FLOWERS, C4, 10pm
CHANNEL 4 are broadcasting this new sitcom every night this week. I don’t like that approach. It’s like a cowardly version of “bingeing”. Netflix and boxsets allow you to binge in the proper sense: watching episodes without any breaks, conversation or daylight. That’s how you properly binge-watch. Having a new episode each day must be terrestrial TV’s version, but no – either bombard us so we can wallow like pigs, or drip-feed us an episode once a week, lending it some nice anticipation.
So does this new series merit the special treatment of a daily outing? On paper it should: it has an impressive cast (Olivia Colman and Julian Barratt are the stars) and it’s a dark comedy about an eccentric family. The father has bungled his suicide and the mother is frantically cheerful, her manic persona hiding unhappiness and sexual frustration.

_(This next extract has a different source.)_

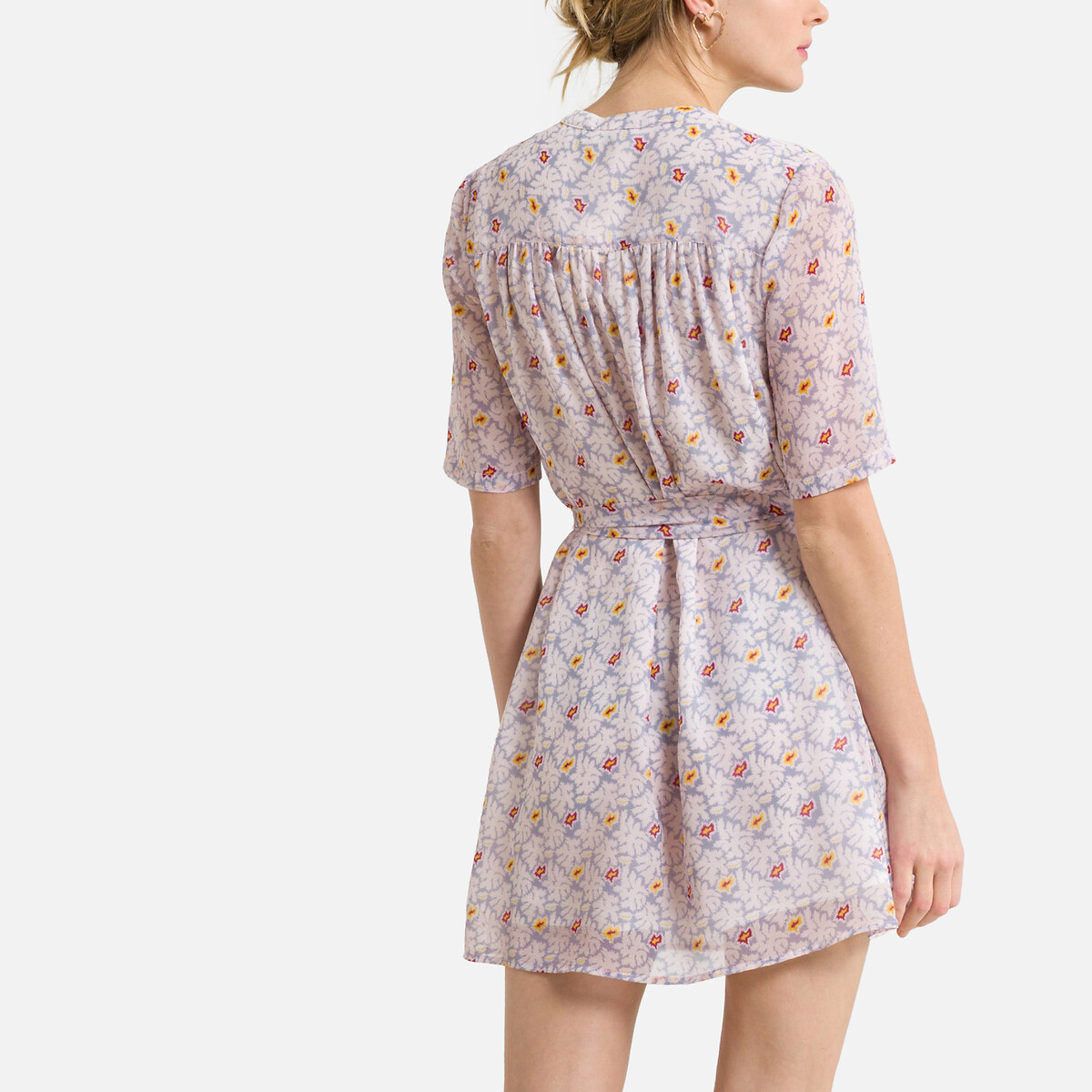 Платье SEE U SOON С короткими рукавами и рисунком 0(XS) розовый, размер 0(XS) С короткими рукавами и рисунком 0(XS) розовый - фото 4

Their household also contains two weird and warring adult children, a senile granny, and a boyish Japanese assistant.
Tonight, the family are thrown together to celebrate mum and dad’s anniversary but the dark comedy never quite darkens enough and seems zany rather than black and clever.
WILD AUSTRALIA WITH RAY MEARS, STV, 8pm
THERE was no need to use “wild” in the title of this new series. Does anyone think of Australia as a land of manicured lawns, placid fields, timid flowers and mild, inoffensive animals?
No way. In Australia the climate is forever trying to roast, dehydrate, bewilder and confuse you. The plants might prickle, poison and burn if you’re foolish enough to brush against them and, as for the animals, they’re surely plotting ways to hurt, maim and actively humiliate you. Wild Australia indeed! But Ray Mears, the celebrity bushman, is tough enough to navigate his way through.
“It feels amazing to be alive in a wild place like this,” he enthuses. In this new series he’ll explore six of Australia’s most dramatic places and the creature who live there, taking in The Great Barrier Reef, rainforests, wetlands and hot red deserts.
Tonight he begins in the stunning blue waters around the Barrier Reef and enjoys whale-watching and a spot of swimming with a manta ray.